Isso porque Manuel não é o único protagonista da série. A própria cidade de Buenos Aires e a comida são igualmente centrais, como deixam claro as câmeras lideradas pelo diretor de fotografia Alejo Maglio. Para quem nunca investiu em publicidade na vida e sequer tinha redes sociais, uma superprodução no salão não caiu mal.
“Começou a vir gente de Honduras, El Salvador, Espanha, Itália, e também empresas que querem trazer grupos de turistas. Mas eu precisei dizer não. O lugar é pequeno, e se vêm tirariam o lugar dos clientes fiéis”, explica Omar, que, à beira dos 80 anos, não quer ampliar. “Tenho mais uns quatro ou cinco anos, depois vou descansar”, diz, cansado.
O hype pode ser o melhor momento para vender, acha, mas como muitos argentinos ele prefere esperar, principalmente com uma eleição tão incerta batendo à porta em dez dias. “Agora não tomo nenhuma decisão, porque se ganha [o ministro da Economia e peronista] Sergio Massa vai ser mais do mesmo, e se ganha [o ultraliberal] Javier Milei não sei. É uma incógnita.”

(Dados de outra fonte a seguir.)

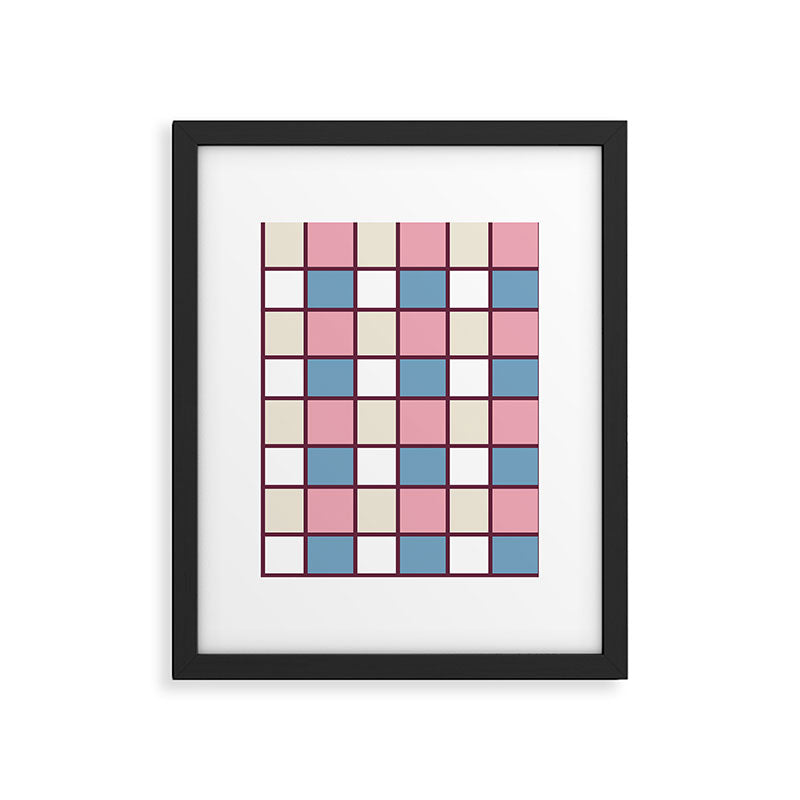 Soft Retro Grid Pattern Framed Art Print Gallery Image 6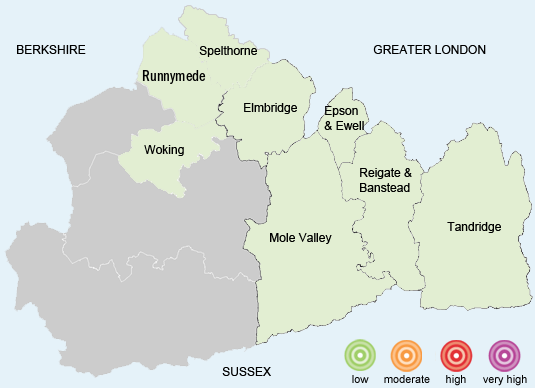 Map of Surrey counties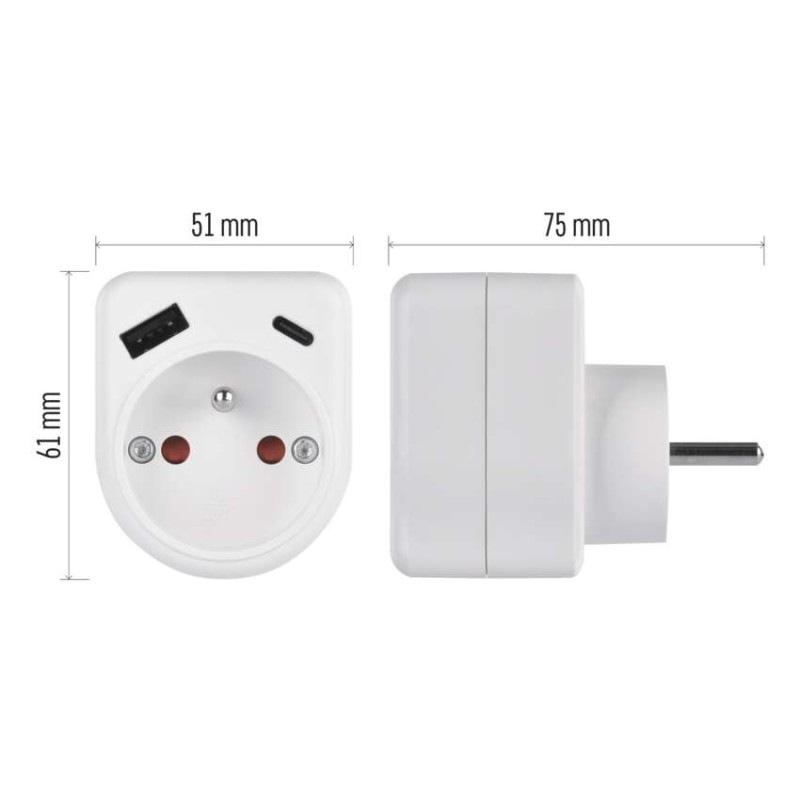 Zásuvka rozbočovacia 1x, 1xUSB-A+1xUSB-C, biela P0074 9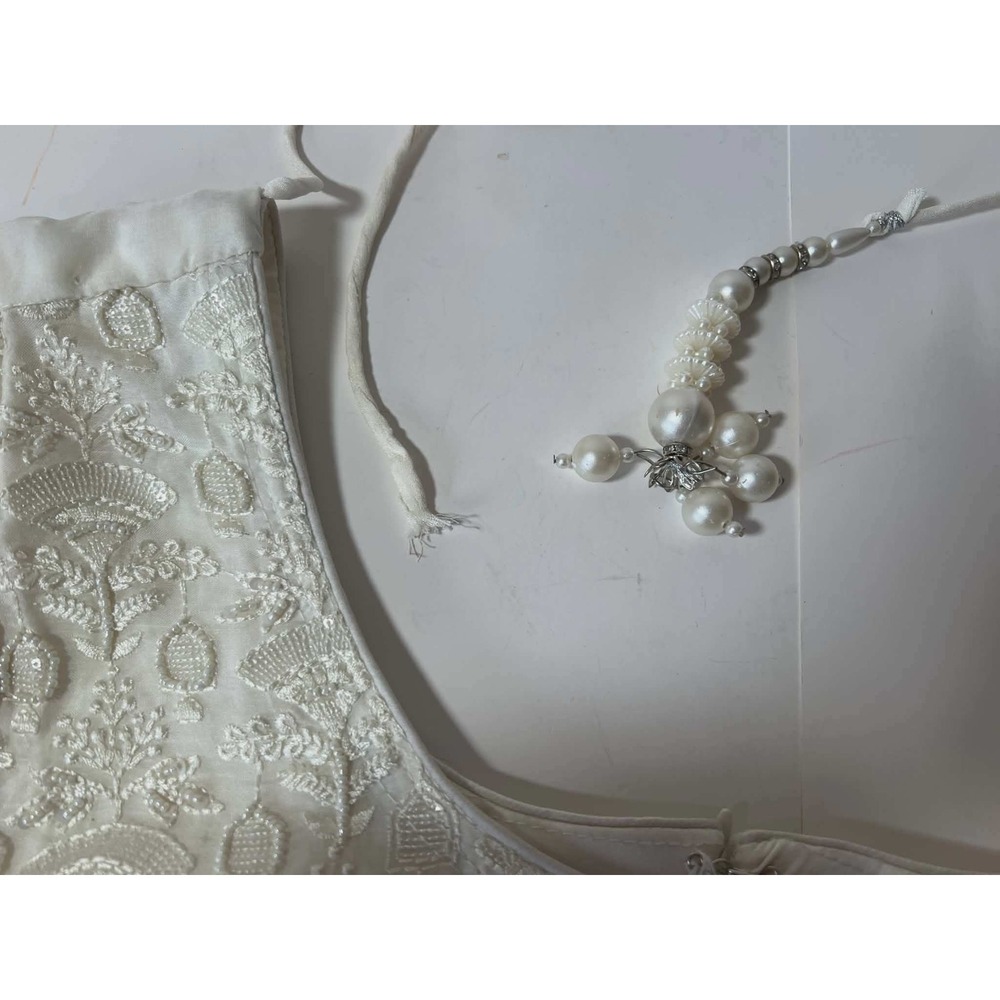 Ivory Chikankari Embroidered Kurta Tunic with Sequin Accents and Pearl Tassels - Picture 5 of 8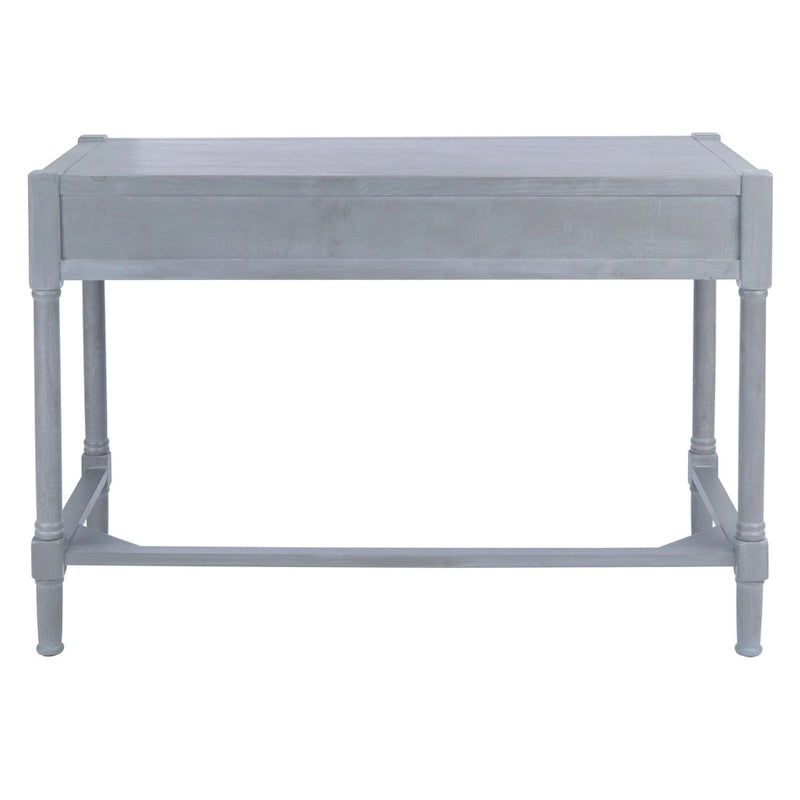 Bureau en bois sculpté deux tiroirs poignées en métal noir cadre ouvert marron classique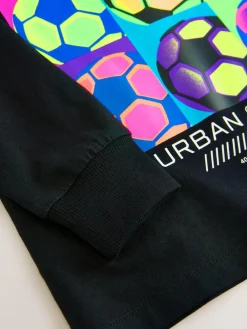 Sale Next Regular Fit Long Sleeve Graphic Print T-Shirt (3-16yrs) Black Bright Football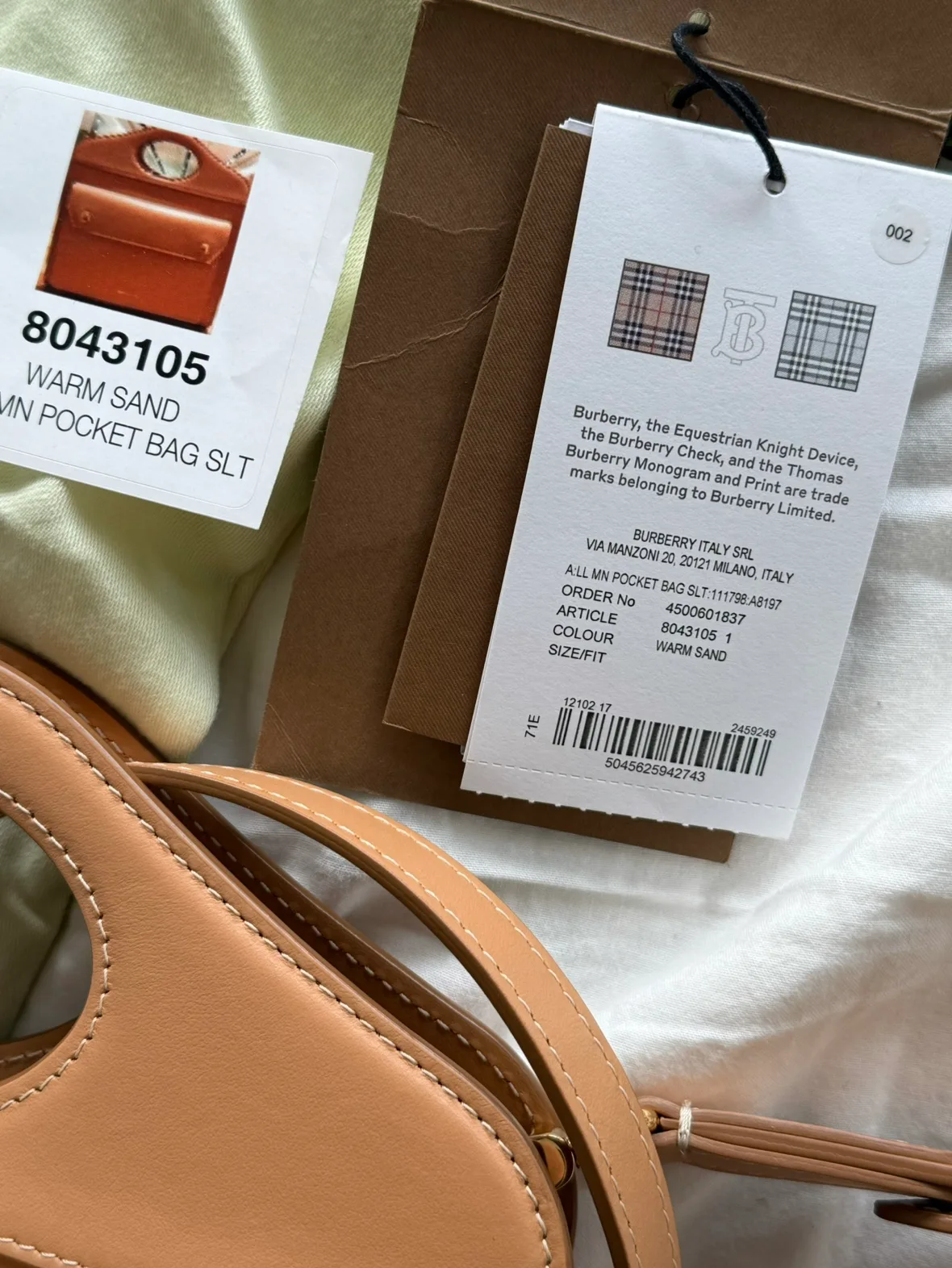 Burberry Warm Sand Pocket Bag Slt (org 2990) image indicator(2)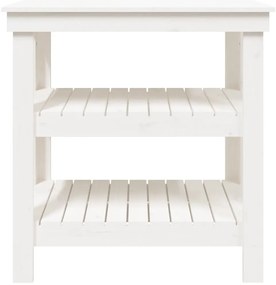 vidaXL Πάγκος Εργασίας Λευκός 78,5x50x80 εκ. από Μασίφ Ξύλο Πεύκου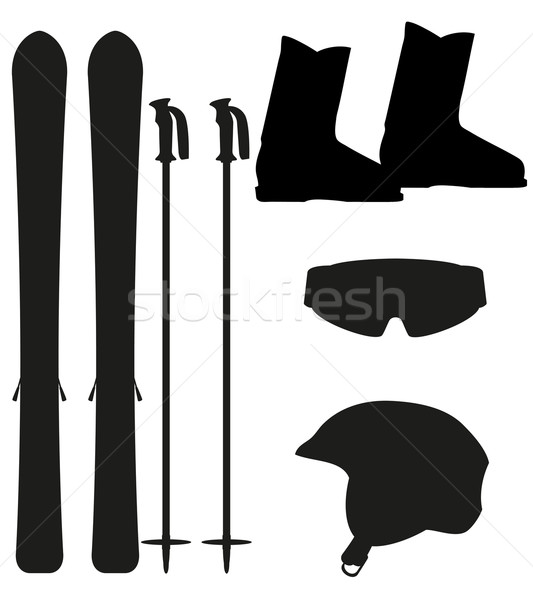 Stock photo: ski equipment icon set silhouette vector illustration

Em meio a uma inflação de quase 140% ao ano, o Rebenque de Omar se destaca pela relação preço-qualidade, atestam os clientes, que já sabem que é de bom tom dar uma gorjeta na mão de cada um dos funcionários ao sair. Os 900 gramas de bife de chorizo à cavalo comidos por De Niro e Brandoni saem por 12 mil pesos (R$ 70 na cotação paralela), sem acompanhamento.
Na vida real, não se corta com a colher, como na série, mas Omar faz uma demostração com as costas da faca, levando alguns minutos para parti-la ao meio. “Tem dias que sim, tem dias que não. Depende do animal”, diz ele, aparentemente fazendo uma piada que um brasileiro não entenderia, mas que faz os argentinos caírem na risada. Na mesa ao lado, um deles pede o vinagre de plástico emprestado.